Life on My Deck
Life On My Deck
I see a bee, clutching a rose petal, falling, tumbling with it toward the deck,
‘til midway down, he lets go, flies up again to fumble into his chosen blossom
and crawl onto another petal, ‘til it, too, goes down spinning while he holds on...
He lets go, flies up, latches on, and no kidding, the third petal goes down too,
with him on it! That bee is like a kid on the slopes with his flying saucer-sled, no sooner at the bottom of the hill than running up to do it again. This time, however, Mr. Bumble chooses a newer, stronger blossom whose petals don’t detach.
O, the bees, the bees in the rugosa roses, handsome as ever, curled in the pink petal cups, their stripy black bodies arched over stamens, their velvety legs dusted with yellow pollen. The center of the rose remains serene in its mission to become the fruit, to grow into a fat red rose hip. From my chair, I still hear their buzzing.

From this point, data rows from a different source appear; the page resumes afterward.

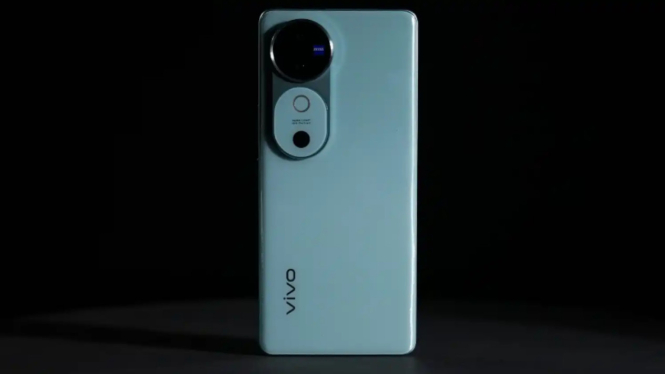 Vivo V50 Segera Rilis! Harga Lebih Mahal, Tapi Speknya Bikin Ngiler!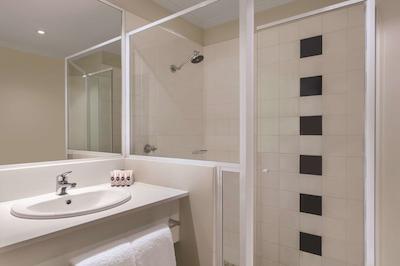 تراولج هتل اسیدنی مارتین پلاس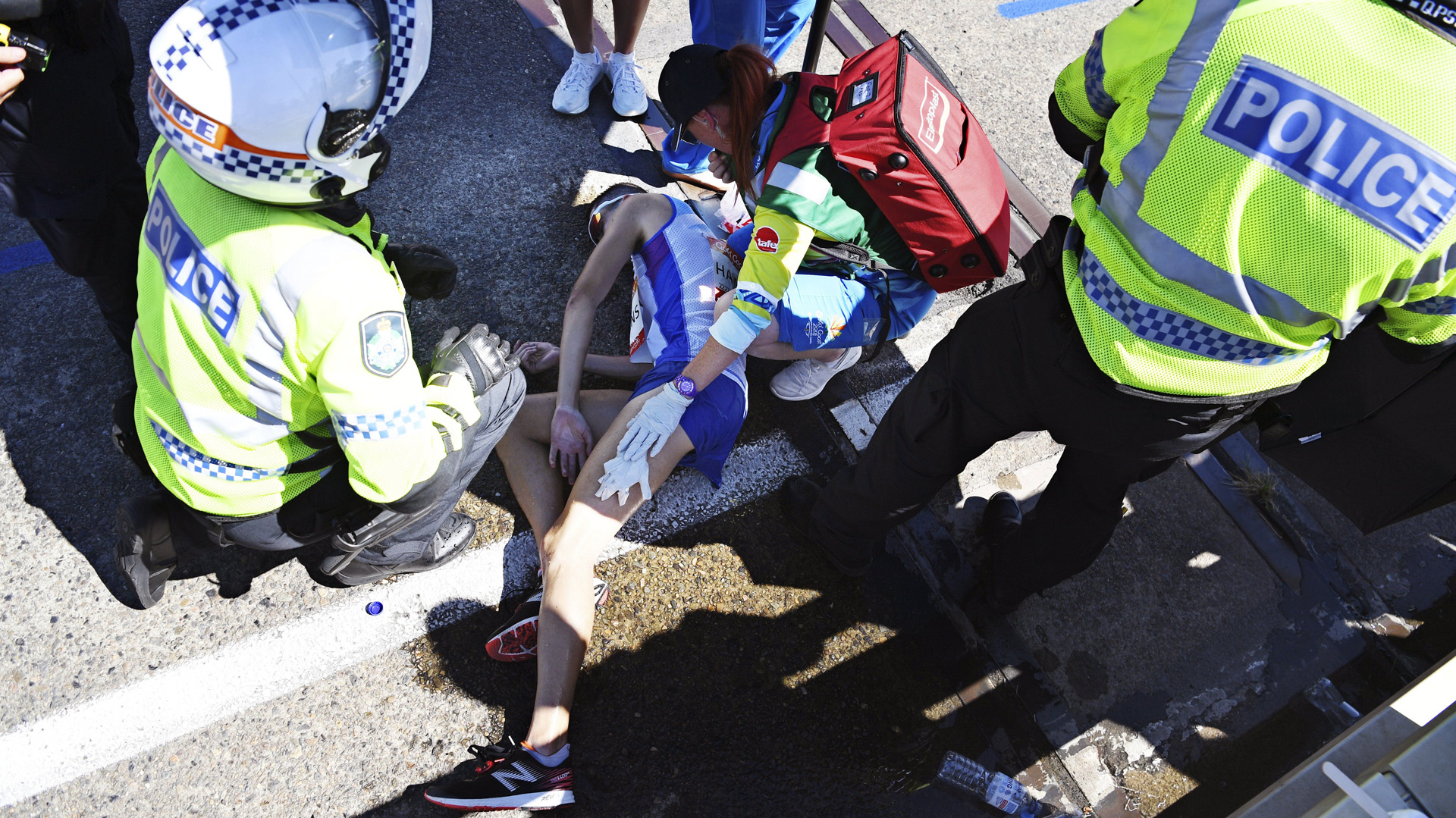 El Sufrimiento De Un Atleta Callum Hawkins Colapsó En Plena Maratón Infobae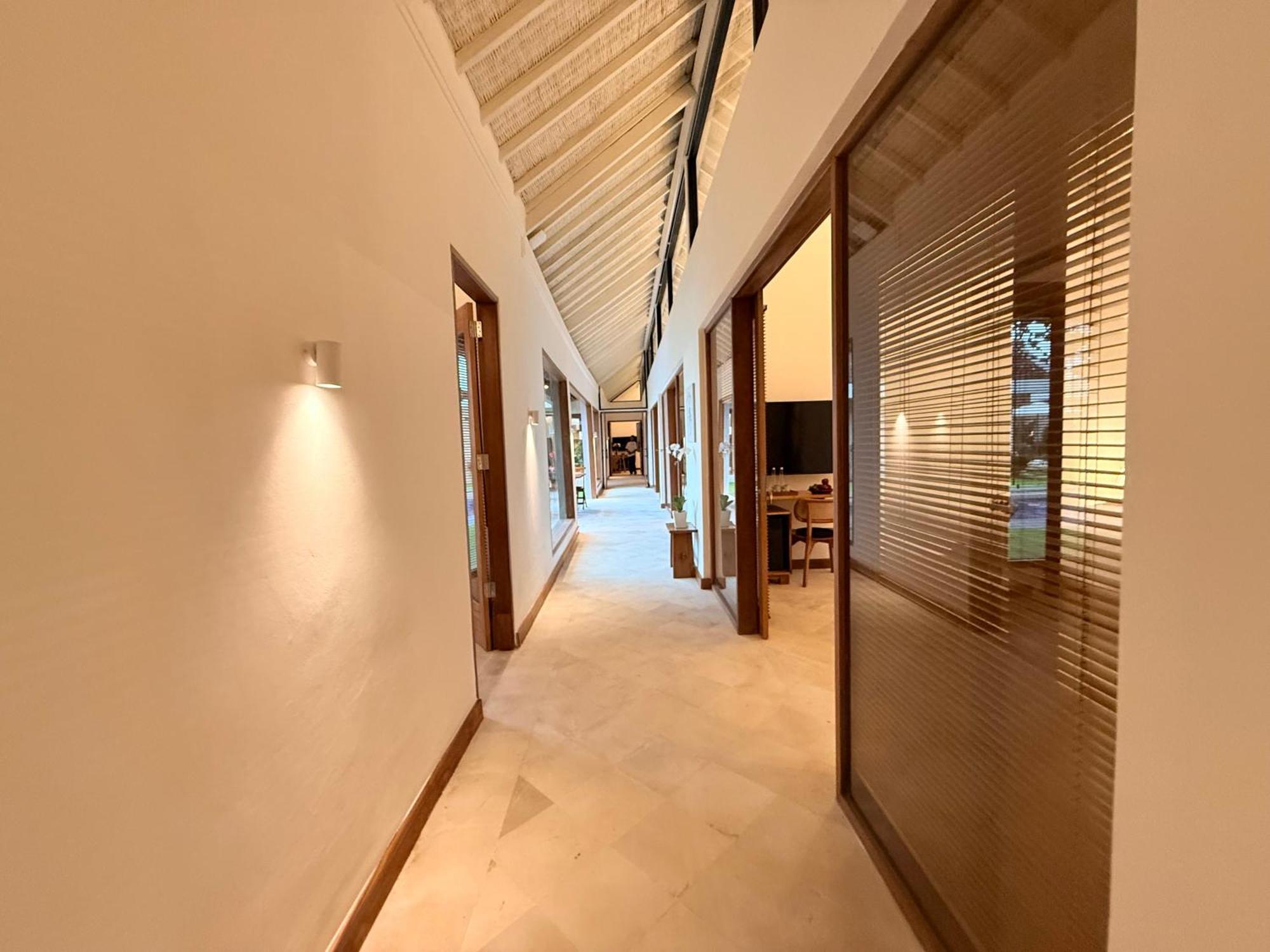 New, 8 Bed,10 Bath Villa, Location *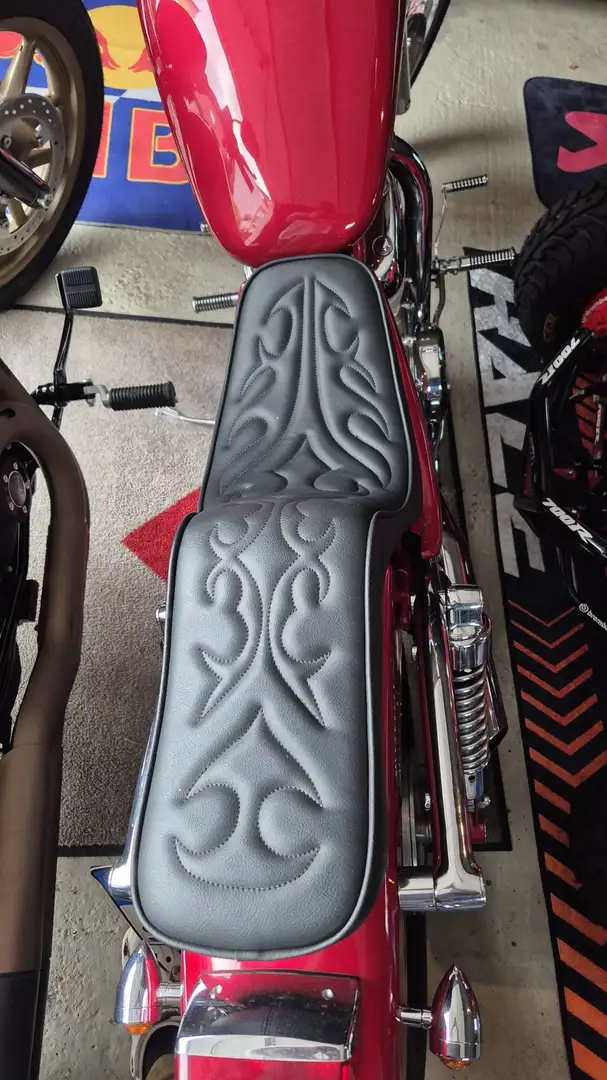 Suzuki Intruder C vs 800 Rouge - 1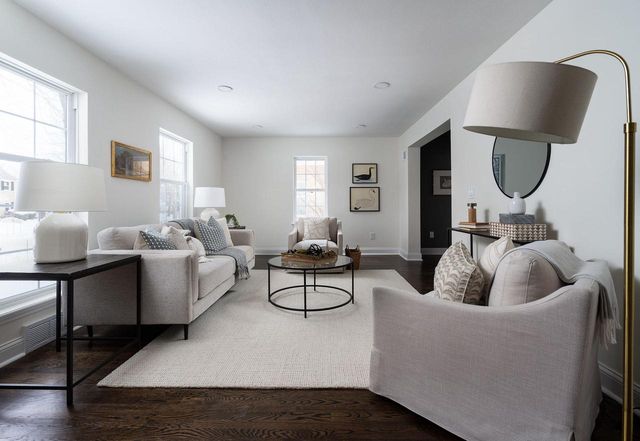 4828 N Newhall STREET, Whitefish Bay, WI 53217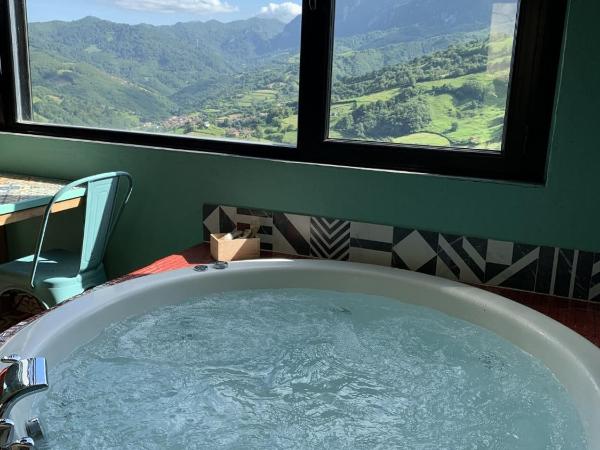 LA ALDEA SOÑADA : photo 2 de la chambre chambre double avec baignoire spa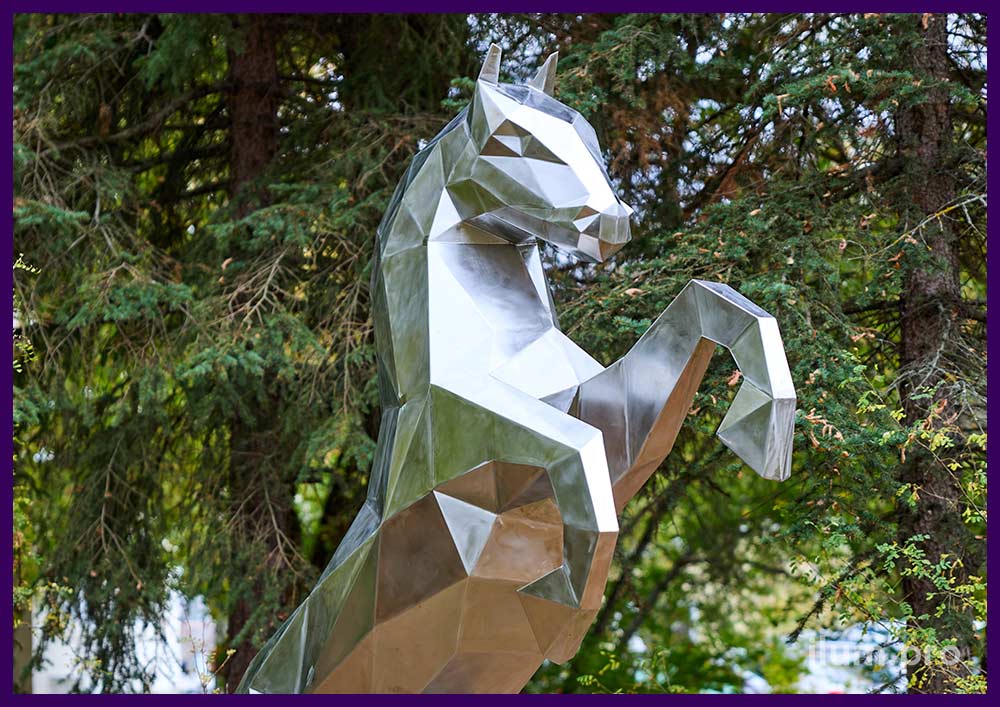 Полигональная скульптура коня на дыбах - металлический арт-объект из нержавейки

They say the pollinators are at risk. So I guess it’s good that ordinary house flies are at it too, and wasps and hornets and some little guys whose name I’ll probably never know. Maybe you’ve seen them, grey, straight bodied, about as big as a fine pencil lead, but built to hover, to hang in the air reconnoitering before darting into an opening bloom. There was a browny-green bug, too, pear shaped, flat as a sunflower seed, iridesent, six legged, flailing.
Lots going on as the thermometer rises and the day moves on toward noon. It’s a second round of blooming for the roses, which now reach through the railings, pushing out over the stairs, dense clusters of buds at the ready, the secret old roots conspiring with all comers in its enterprise.